Army brings death and carnage to the streets
A day of violence on the streets of the Thai capital left at least ten dead and 125 wounded after renewed fighting erupted in the city’s commercial heart yesterday. Soldiers fired bullets and teargas into the fortified encampment held for weeks by anti-government protesters, and street battles erupted in the city centre.
What began in early March as a defiant and proud rally intended to oust the Thai Government peacefully and fight for social justice had, by last night, largely unravelled as the army strengthened its stranglehold around thousands of diehard protesters.
Hemmed into their fortified encampment by troops, the remaining protesters digested the grim information that several of their leaders had quit. As long as the security forces remain loyal to the Government their options appear increasingly limited in the face of the army’s firepower.

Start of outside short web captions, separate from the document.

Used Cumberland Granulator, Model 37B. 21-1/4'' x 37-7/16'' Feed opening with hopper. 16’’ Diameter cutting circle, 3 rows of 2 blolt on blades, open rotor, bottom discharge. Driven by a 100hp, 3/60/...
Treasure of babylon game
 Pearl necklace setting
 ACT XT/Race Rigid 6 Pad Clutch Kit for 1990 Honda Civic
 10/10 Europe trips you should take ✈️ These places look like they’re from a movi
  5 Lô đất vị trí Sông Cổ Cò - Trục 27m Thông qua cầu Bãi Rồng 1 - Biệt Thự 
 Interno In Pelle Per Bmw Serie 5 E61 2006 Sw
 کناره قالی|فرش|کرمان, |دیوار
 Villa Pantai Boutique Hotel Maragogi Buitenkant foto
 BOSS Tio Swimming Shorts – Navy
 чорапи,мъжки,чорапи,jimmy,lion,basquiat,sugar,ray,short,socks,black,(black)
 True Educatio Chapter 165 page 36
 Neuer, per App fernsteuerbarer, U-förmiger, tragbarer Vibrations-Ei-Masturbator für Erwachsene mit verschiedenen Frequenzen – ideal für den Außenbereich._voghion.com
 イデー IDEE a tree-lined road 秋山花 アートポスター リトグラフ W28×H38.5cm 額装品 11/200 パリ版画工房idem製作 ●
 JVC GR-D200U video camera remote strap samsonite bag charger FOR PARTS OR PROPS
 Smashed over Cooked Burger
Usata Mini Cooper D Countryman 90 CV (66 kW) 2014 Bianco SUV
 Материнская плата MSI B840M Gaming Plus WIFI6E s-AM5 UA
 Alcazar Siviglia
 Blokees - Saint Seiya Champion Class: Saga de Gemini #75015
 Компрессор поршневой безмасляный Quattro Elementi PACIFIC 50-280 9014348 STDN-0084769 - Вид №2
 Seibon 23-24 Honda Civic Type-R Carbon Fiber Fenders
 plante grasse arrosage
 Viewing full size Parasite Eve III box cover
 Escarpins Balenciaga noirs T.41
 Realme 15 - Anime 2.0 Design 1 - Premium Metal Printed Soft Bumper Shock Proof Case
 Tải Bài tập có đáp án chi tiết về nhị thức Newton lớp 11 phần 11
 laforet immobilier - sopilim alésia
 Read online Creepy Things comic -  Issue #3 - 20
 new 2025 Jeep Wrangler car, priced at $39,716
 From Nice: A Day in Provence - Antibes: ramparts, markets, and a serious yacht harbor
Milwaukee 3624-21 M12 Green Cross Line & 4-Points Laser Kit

From dawn yesterday the protest site centred on Ratchaprasong intersection in central Bangkok was surrounded by armed troops and police officers in armoured vehicles. They fired live rounds and rubber bullets as well as teargas at members of the United Front for Democracy Against Dictatorship. The group has spent weeks in the centre of one of Asia’s most cosmopolitan cities demanding the dissolution of the Thai parliament, followed by elections.
Known widely as the Red Shirts, the demonstrators responded with petrol bombs and fired home-made rockets into the streets surrounding the upmarket district that they have occupied for nearly six weeks. Several thousand Red Shirts were still behind the high barricades of the site perimeter last night, protected by guards carrying thick bamboo staves.